🖼️ pillow-netpbm

Continuing on the journey of computing archaeology, it’s time to write a Pillow plugin that can load any images supported by netpbm but not by Pillow.

The first step here was to write a bridge for the anyto* applications, but it turned out it wasn’t so reliable - many ancient formats lack proper libmagic detection, there’s a lack of test data for them, and being obscure they didn’t get a lot of real world usage. So let’s fix as much of that as is possible.

Andrew Toolkit Raster

atk

A nice easy file format to load, a properly registered MIME type - at least for the data format itself (application/andrew-inset) - with test data available in the project’s source since the 90’s.

netpbm can load and save these, but file thinks all Andrew files are LaTeX documents, and the example bitmaps are buried in the distro tree. So let’s fix both of those things:

AutoCAD Slide

sld

AutoCAD slides are vector screen dumps of AutoCAD created by MSLIDE and viewed with VSLIDE. While the specs have been removed from AutoDesk’s website, Martin Reddy has it documented too.

My test files, which were partly taken from Robert Schultz’s collection, were detected as data by file, which means no detection. Its PRONOM entry lists 3 different MIME types (application/sld, application/x-sld and image/x-sld), and AutoDesk never actually registered an image/vnd.sld with IANA. PRONOM’s first entry has a weak collision with application/vnd.ogc.sld+xml, and the ambiguity has bled through into Archive Team’s wiki, and across github like in MegaMimes and Vitam, presumably via DNSCore’s seed data repo.

Fixing as much of this as possible, I contacted PRONOM, asked for an account on ArchiveTeam’s wiki, sent a PR to MegaMimes, submitted a libmagic a rules file, updated WikiData sources with links to existing usage, started the IANA registration process for image/vnd.sld to replace the image/x-sld I was lobbying for. Once the IANA registration is complete and/or detection rules, are in libmagic, Apache Tika and freedesktop shared-mime-info will likely follow suit. If not, I’ll give them a nudge.


Fiasco Wavelet (FIASCO)

Fiasco Wavelets 6-byte ASCII magic at offset 0.

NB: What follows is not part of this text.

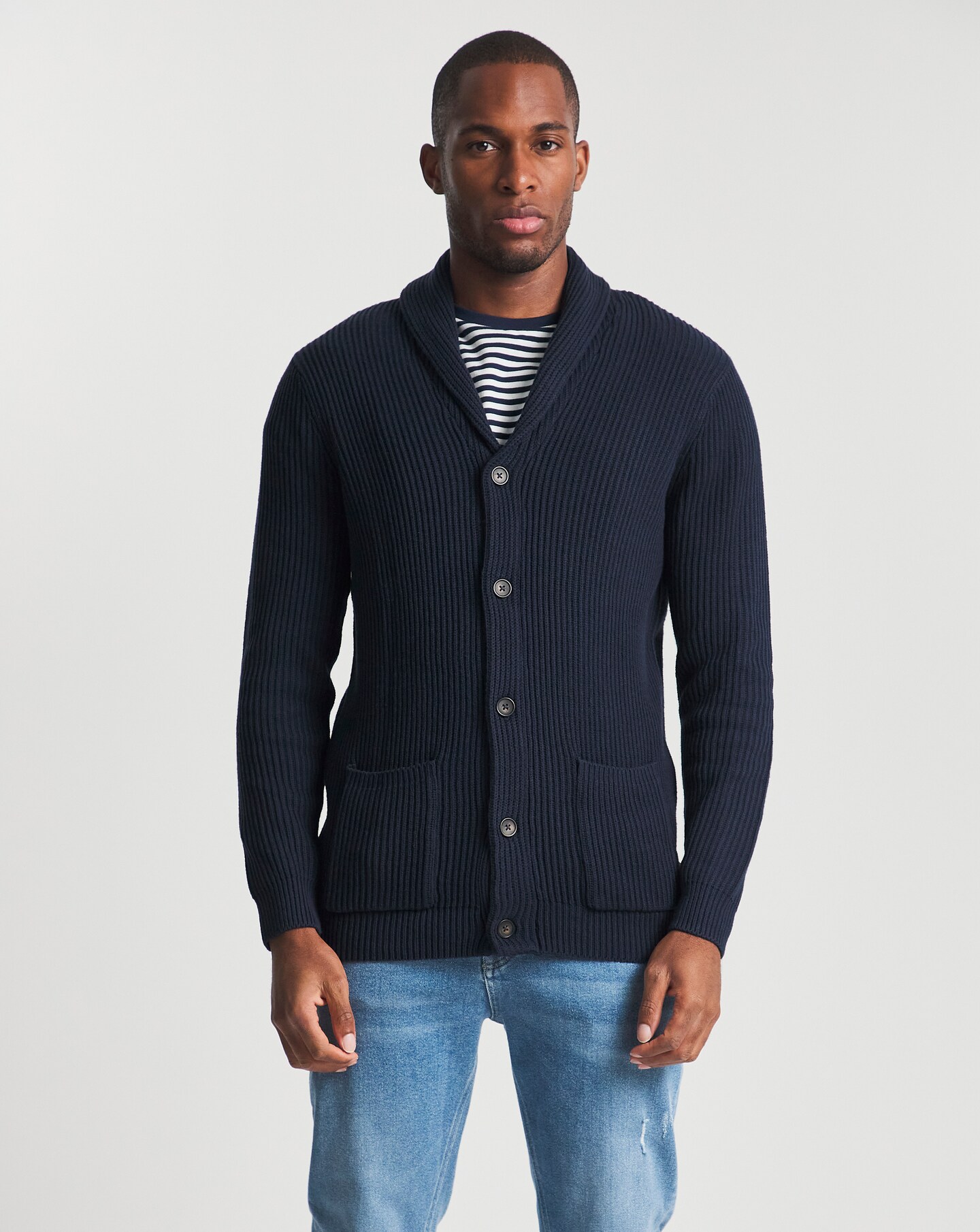 Navy Fisherman Knit Cardigan | Jacamo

0       string  FIASCO  Fiasco wavelet image data
!:ext   wfa

MRF

4-byte ASCII magic at offset 0.

0       string  MRF1    MRF image data
!:ext   mrf

YBM Face File

Only 2 bytes (!!), may need extra validation to avoid false positives. YBM files are 2 bytes of magic, 2 bytes width (LE), 2 bytes height (LE), then bitmap data.

0       string  !!      YBM face image data
!:ext   ybm

Misidentified formats

Atari Neochrome → wrongly matched as DEGAS

File reports Atari DEGAS Elite bitmap 320x200x16 for .neo files. Similar Atari header layout but distinct format. Neochrome has a different structure but no unique magic that distinguishes it within the first 16 bytes.

JBIG → wrongly matched as Targa

Standalone JBIG/BIE files are misidentified as Targa image data. Targa detection in libmagic is notoriously loose. JBIG rules only exist within TIFF compression detection, not for standalone .jbig/.bie files.

CompuServe RLE → “ASCII text with escape sequences”

ESC-based encoding, hard to detect without pattern matching on escape sequences.

FaceSaver → “ASCII text”

Text-based header format. Could match on FirstName: or PicData: strings.

Sun Icon → “ASCII text”

Text-based C-style format. Could match on /* Format_version= string.

SBIG ST-4 → “ISO-8859 text”

Raw scientific image data misread as text.

Broken/incomplete rules

Interleaf

Existing Magdir rule uses \x88OPS but netpbm’s leaftoppm (and our test file) expects \x89OPS. May be a format variant that needs adding to the existing rule.

GEM Raster

Rules exist in Magdir but compete with DEGAS detection. Our valid GEM file comes back as “data” — the condition tree seems to exclude it.

MacPaint

Rules exist but require PNTGMPNT at offset 65 (resource fork magic). Headerless/data-fork-only MacPaint files are not detected.

Group 3 Fax

Rules exist in Magdir’s modem file but raw G3 detection is fragile/conditional. Our test file comes back as “data”.